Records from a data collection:
◆ ◆ ◆ ◆
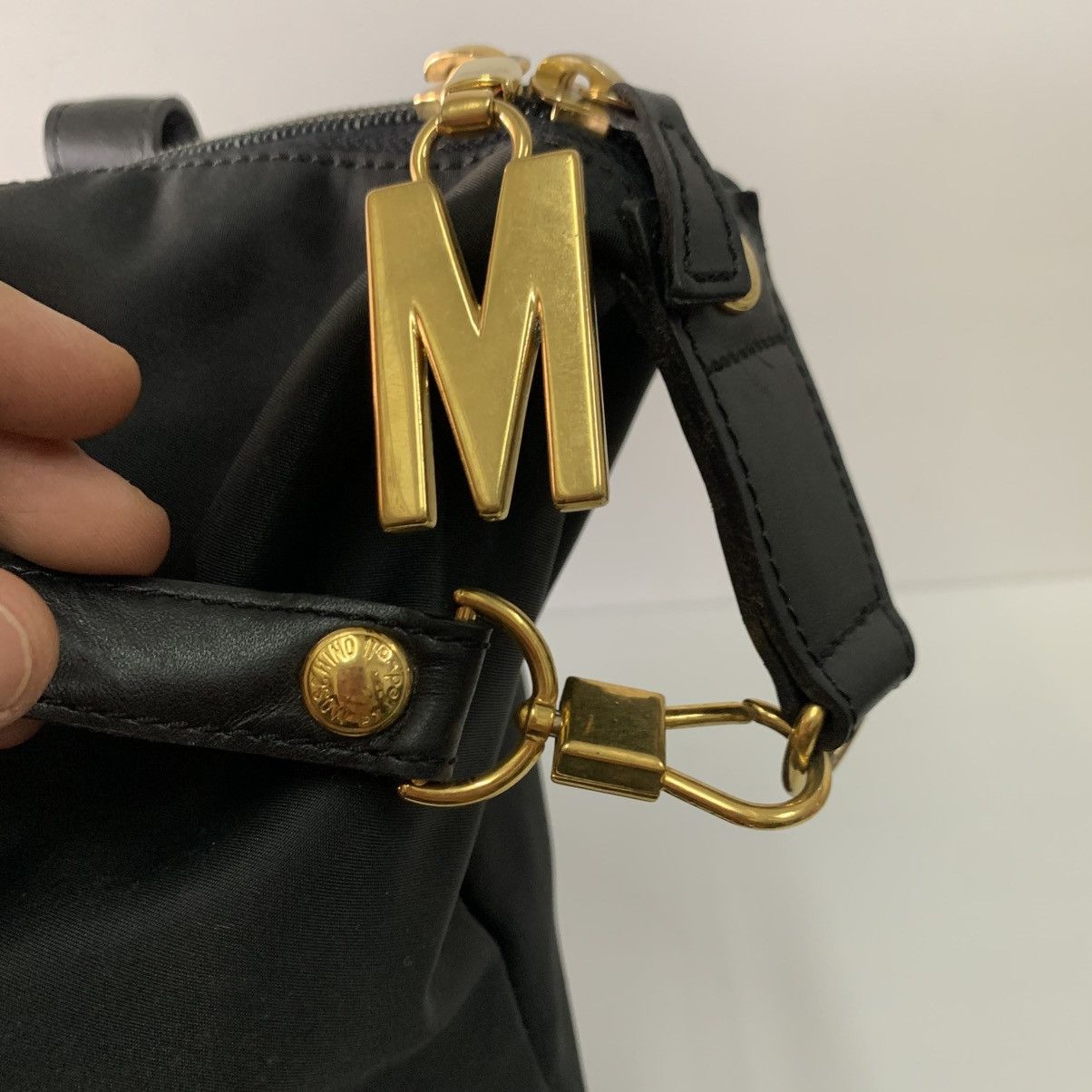 Moschino Moschino Canvas Travel Bag Size ONE SIZE - 10 Thumbnail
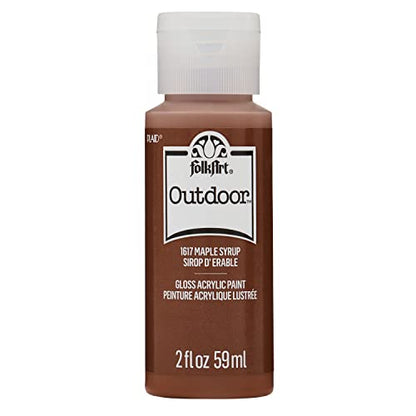 FolkArt Outdoor Acrylic Paint, Maple Syrup, 2 Ounces - color: Maple Syrup, size: 2 Fl Oz (Pack of 1)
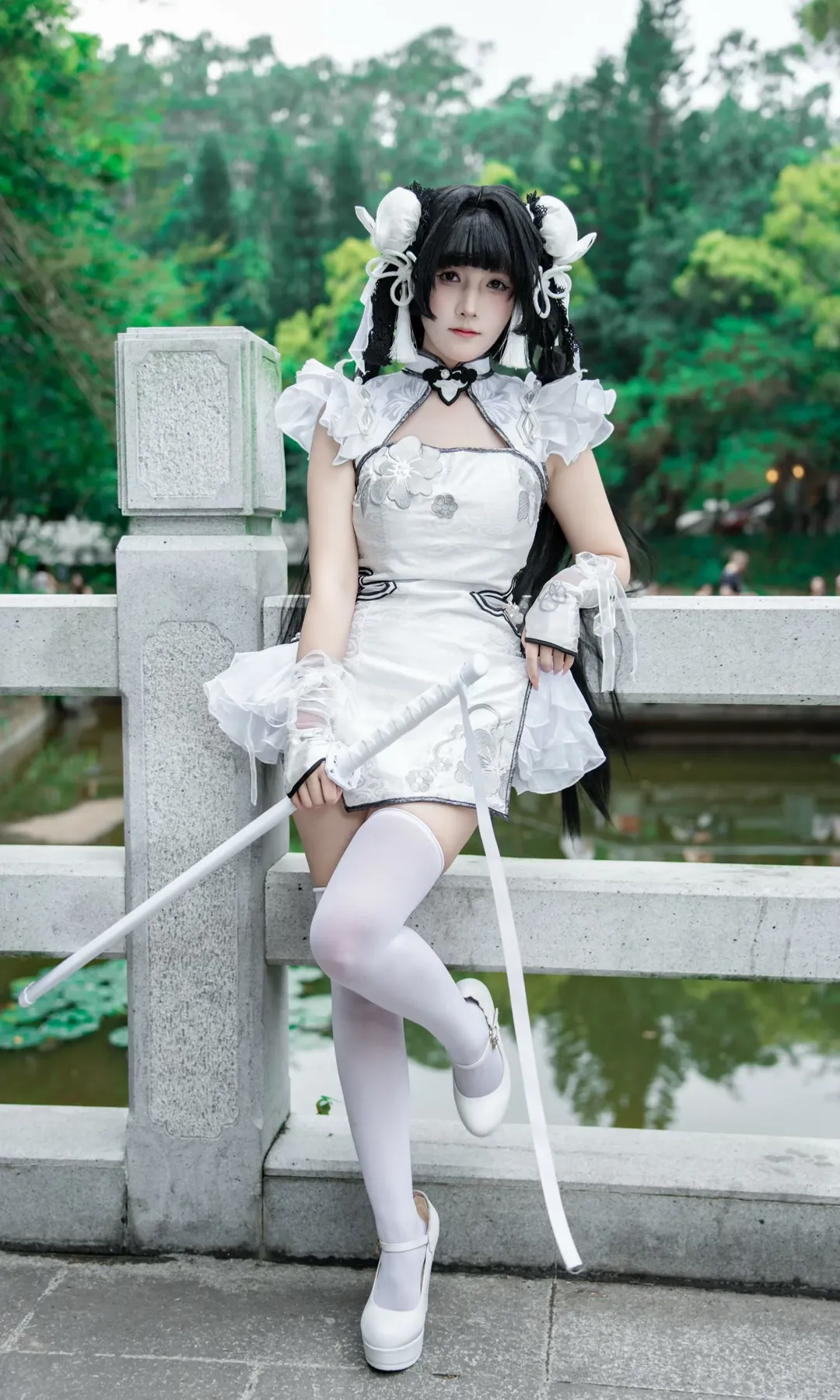 永劫无间, 旗袍, 殷紫萍cos, 二次元看见计划, 白丝 - 第8张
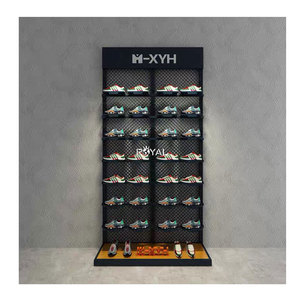 Tùy chỉnh cửa hàng thể thao thiết kế nội thất quần áo hiển thị tủ trang trí cho cửa hàng giày thể thao - Product Image 1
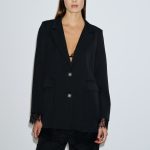 Σακάκι Μαύρο Με Δαντέλα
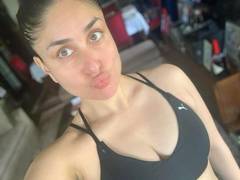 
      
      Kareena Kapoor gets pout game on, shares selfie amid workout...
      
      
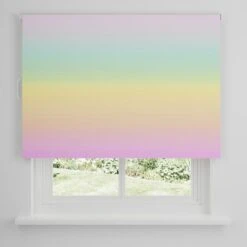 Rainbow Ombre Twist Safe Blackout Roller Blind -Habitat Store 30874654 alt03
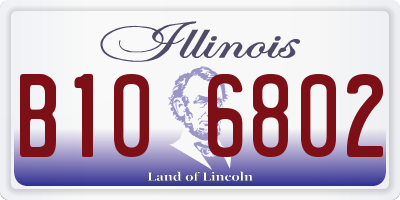 IL license plate B106802
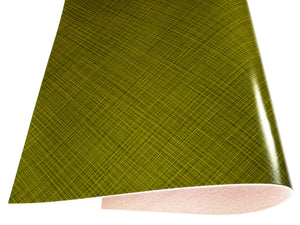 Vegetable tanned leather Russo commodore oliva green lines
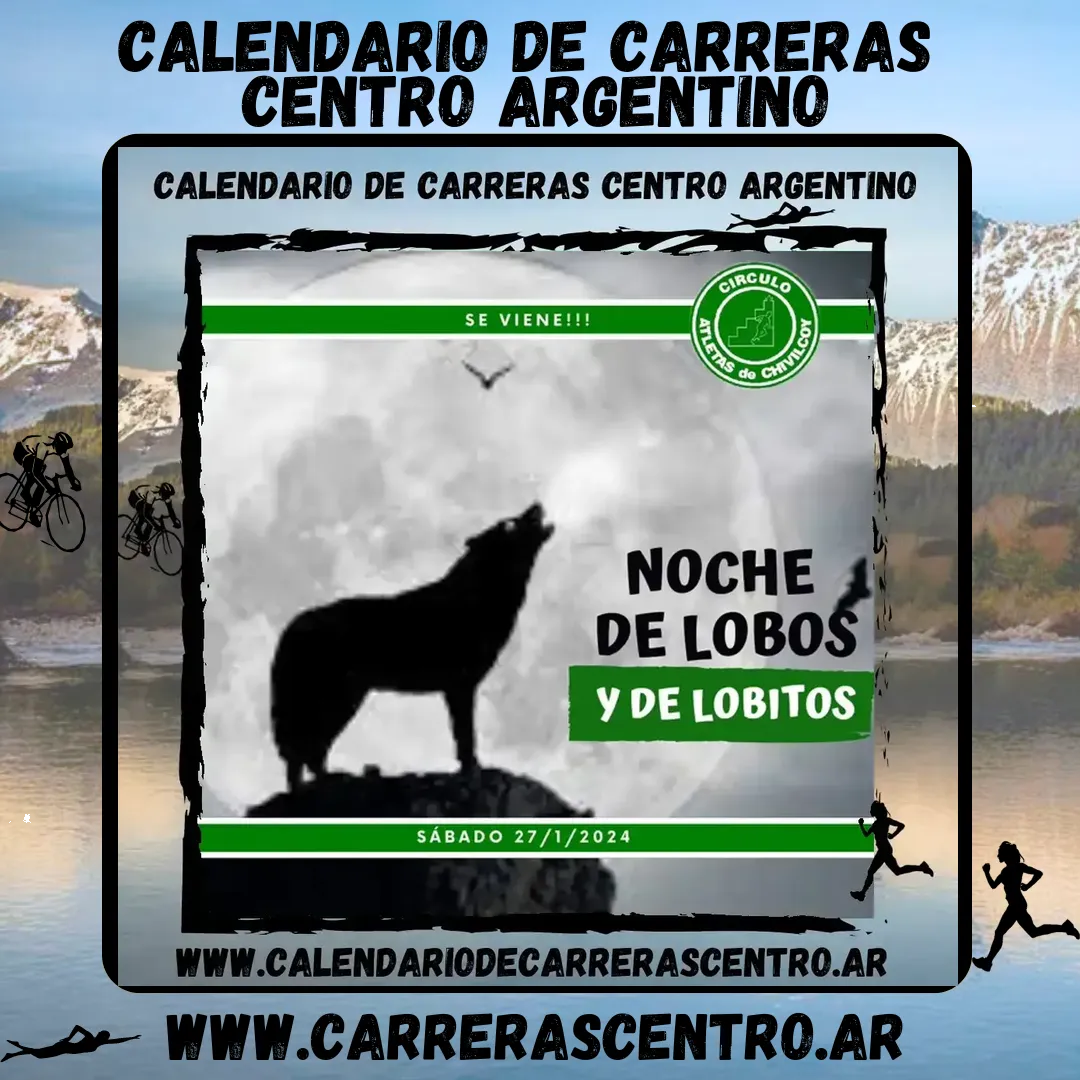 Flyer de Noches de Lobos 2024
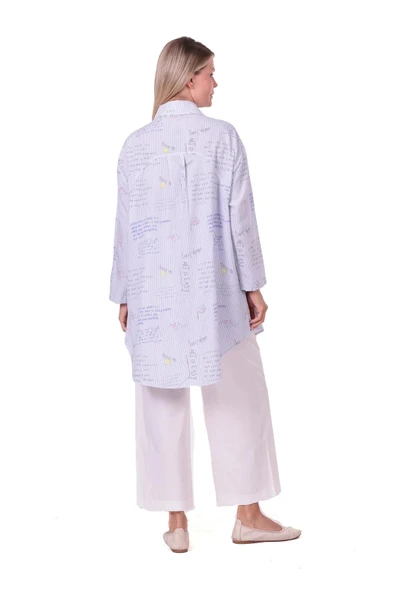 invee gomlek 7155 MAVİ - Resim 2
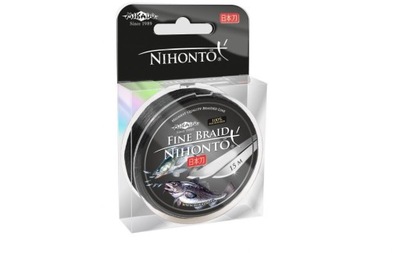 PLECIONKA NIHONTO FINE BRAID 0,12 BLACK 15M Mikado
◆ ◆ ◆ ◆
(What to produce) Write out the records once more, exactly as they stand, with no images.

(Your solution)
 Moschino Moschino Canvas Travel Bag Size ONE SIZE - 10 Thumbnail
 FolkArt Outdoor Acrylic Paint, Maple Syrup, 2 Ounces - color: Maple Syrup, size: 2 Fl Oz (Pack of 1)
 永劫无间, 旗袍, 殷紫萍cos, 二次元看见计划, 白丝 - 第8张
 Tùy chỉnh cửa hàng thể thao thiết kế nội thất quần áo hiển thị tủ trang trí cho cửa hàng giày thể thao - Product Image 1
 Σακάκι Μαύρο Με Δαντέλα
      
      Kareena Kapoor gets pout game on, shares selfie amid workout...
      
      
 Rainbow Ombre Twist Safe Blackout Roller Blind -Habitat Store 30874654 alt03
 IL license plate B106802
 Vegetable tanned leather Russo commodore oliva green lines
 Flyer de Noches de Lobos 2024
 invee gomlek 7155 MAVİ - Resim 2
 PLECIONKA NIHONTO FINE BRAID 0,12 BLACK 15M Mikado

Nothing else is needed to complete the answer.